MIG welding uses a consumable wire electrode fed continuously into the molten weld pool to provide the filler needed in a welded joint. A constant flow of inert gas is fed through the welding gun with the filler wire to shield the molten weld pool from the surrounding air, preventing oxidation of the weld.
MIG welding was originally developed for welding aluminum and other nonferrous metals using argon as the shielding gas. The relatively high cost of argon precluded wider application on steel parts until the use of semi-inert gases such as CO2 became common. Further developments improved versatility. Today, MIG welding is the most common industrial welding process because of speed and adaptability.
MIG welding produces long, continuous and consistent welds, which is especially advantageous in welding automotive frames. It also produces very clean welds with no slag and very little spatter. It is particularly well-suited for robotic welding, which is one of the reasons it is used extensively in the automotive industry. It is also widely used in the sheet-metal industry.
Any finished weld should have mechanical properties similar to those of the base metal, so the choice of electrode is a key factor in weld quality. A wide variety of electrode wire is available for welding both ferrous and nonferrous metals. All commercially available electrodes contain small amounts of deoxidizing metals to help prevent oxygen porosity, and some contain denitriding metals to avoid nitrogen porosity.
The shielding gas keeps oxygen and nitrogen-which can cause fusion defects, porosity and embrittlement-away from the weld pool, so the choice of shielding gas is also a key factor in weld quality. Pure argon or helium are only used with nonferrous metals. For welding steel, penetration is inadequate with argon and spatter is excessive with helium. Pure CO2 allows deep penetration but encourages spatter and oxide formation. Hence, mixtures of argon and CO2 in various percentages are commonly used for welding steel.
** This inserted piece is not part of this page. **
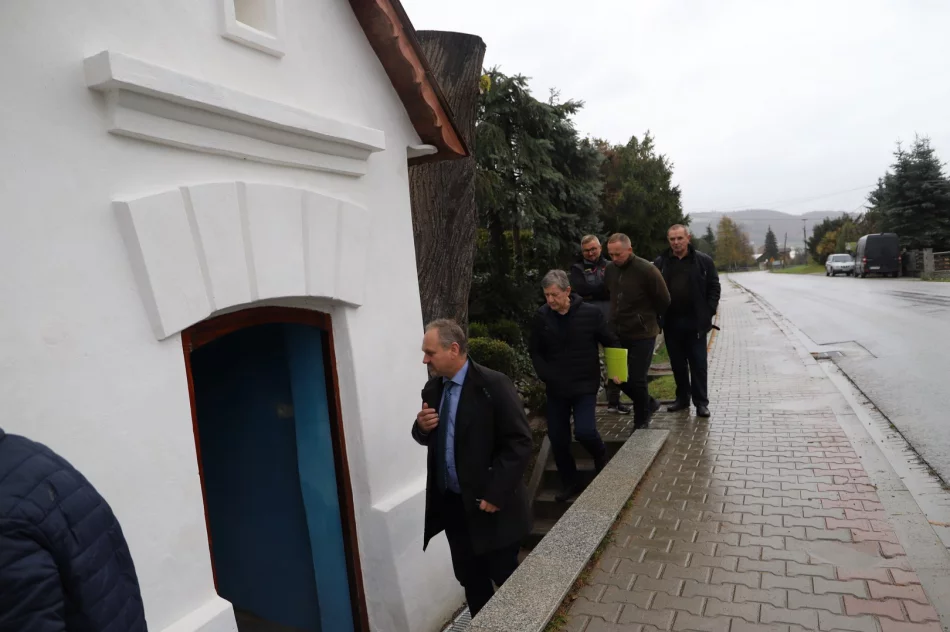 Odnowiono przydrożną kapliczkę w Kłodnem - zdjęcie 6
TIG welding, by contrast, uses a nonconsumable tungsten electrode and filler metal-if needed-is fed either manually or automatically, but not through the welding gun. As in MIG welding, a constant flow of inert gas, typically a mixture of argon and helium, is fed through the welding gun to shield the molten weld pool from the surrounding air, preventing oxidation of the weld.
TIG welding was originally developed for welding aluminum and magnesium alloys. Today it is used for welding nonferrous metals, stainless steel, and carbon and low-alloy steel. The greatest advantage of TIG welding is that it will weld more kinds of metals and alloys than any other arc welding process. It is a clean process that produces welds with no slag, no sparks and no spatter. Its main disadvantage is the low deposition rate of filler metal. Also, the necessary hand-eye coordination is difficult to learn and requires a great deal of practice to become proficient.
TIG welding is used extensively in the aerospace industry as well as many others. It is widely used for joining thin parts and it is ideal for welding small diameter thin-wall tubing, such as is used in the bicycle industry. Some TIG welds, especially in small stainless steel parts, are simple fusion, or autogenous welds, meaning no filler metal is added to the molten pool and the two parts are simply fused together.
Filler metal is not lost by volatilization in the arc as in some other processes, so TIG welds have the same chemical integrity as the base metals, presuming the correct choice of filler metal. Consequently, TIG welds are highly resistant to corrosion and cracking, making it ideal for critical applications like sealing spent nuclear fuel canisters before burial.